To add a known delay

To deal with hazards and sequencing problems in pipelines

To enforce the order of execution of sequences of instructions (to prevent out-of-order execution changing the meaning of code).

To align code/data on an appropriate boundary

To synchronize events

Not all NOPs are equal, and it was this thought that drove me to write this note. The MIPS RISC has a NOP. However, on closer examination, the NOPs is really a pseudo-operation. So, in order to do nothing, the MIPS processor does a different nothing to the same effect, since all nothings are the same. Or are they?

When you write NOP in MIPS code it is translated to ssl $r0,$r0,0 which means shift register r0 left zero places and put the result in $r0. Since $r0 is hardwired to zero, this instruction has no effect and can be treated as a no operation. Moreover, since the numeric value for this is 0x00000000 (all zeros) it means that non-initialized memory will be treated as NOPs. However, such NOPs are accidental, they were not put there by a programmer but are being executed because an error has occurred and the processor is responding by merrily skipping through a field of NOPs.

ARM code can use   ANDEQ r0,r0,r0 which has an all zeros op-code like MIPS or  mov r0,r0 which is encoded as 0xE1A00000.

I feel that a true NOP should have a unique op-code. Moreover, it should, ideally, have a parameter that is ignored by the processor but which can be used when either tracing the code or debugging the system.

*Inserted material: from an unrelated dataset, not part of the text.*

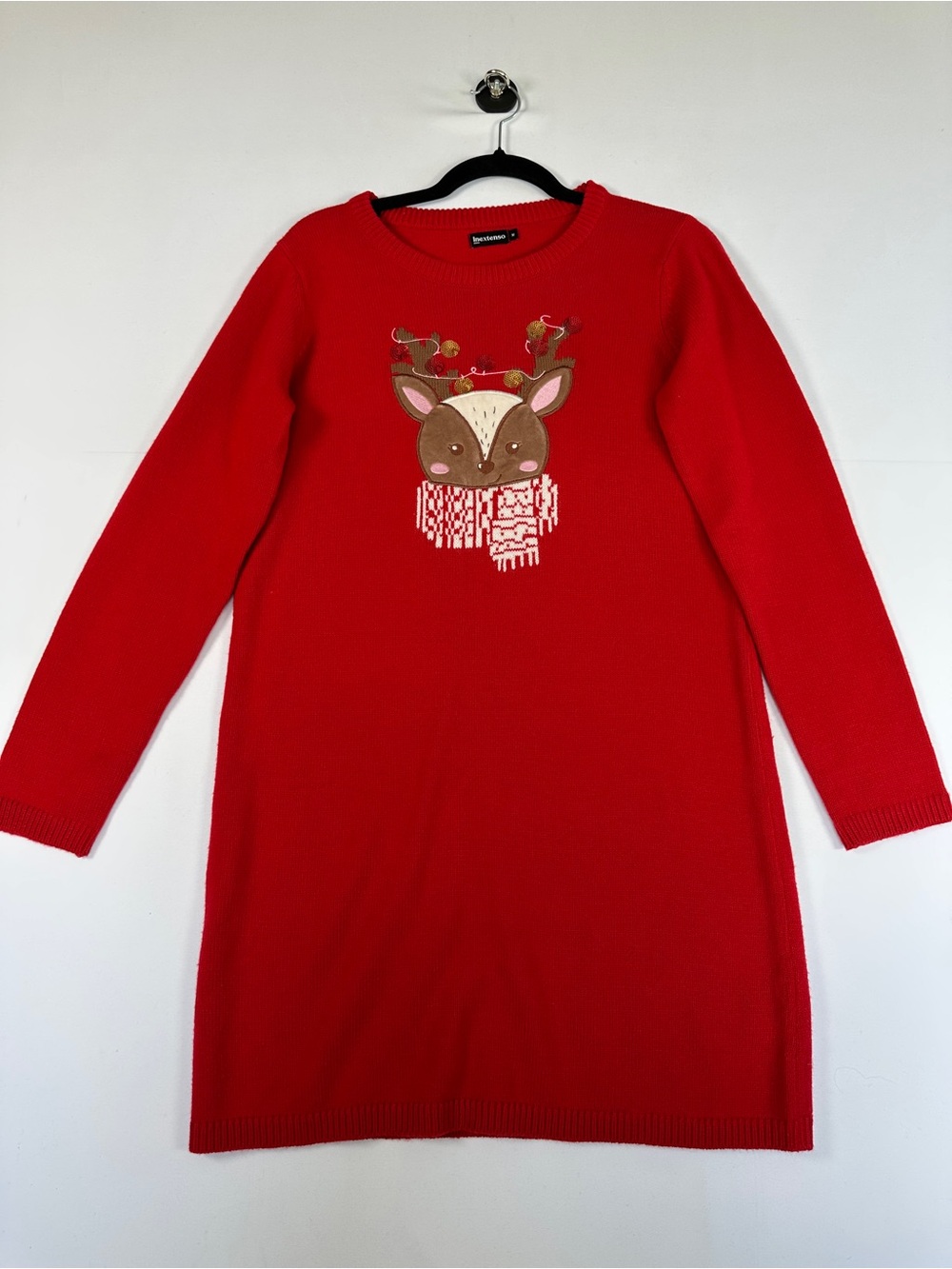 In Extenso Christmas Reindeer Sweater Dress Red Holiday Size M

The most intriguing NOP I ever encountered was the Itanium NOP, for two reasons. First, the Itanium is a VLIW processor and bundles of instructions are executed in parallel. The instructions of a bungle to be executed are selected by the programmer or assembler/compiler.  In Itanium assembly language a suffix can be assigned to an operation to define which of the parallel using is going to handle it (e.g., memory, integer, floating-point). The NOP can be processed either by an integer unit or by a memory unit.’ For example; NOP.i would be executed by the integer unit and NOP.m would be executed by the memory unit. It’s really like deciding who gets to feed an invisible friend.

An even more fascinating concept arises in the case of predicated processors like the ARM and Itanium. Consider the ARM predicated form of the no operation and NOPNE. When this instruction is decoded and sent for execution, the predication marker, NE, signifies not zero. So, if the previous condition code was zero, the predicated instruction is not executed. If the previous condition code was not zero, the NOP is executed ad nothing happens.

Finally, what is the perfect NOP? Apart from having its intended effect (incrementing the PC) and leaving the processor status unmodified, it should have a unique op-code that will never change in future generations of the processor and, ideally, a user-defined field that can be detected in memory dumps during debugging and tracing.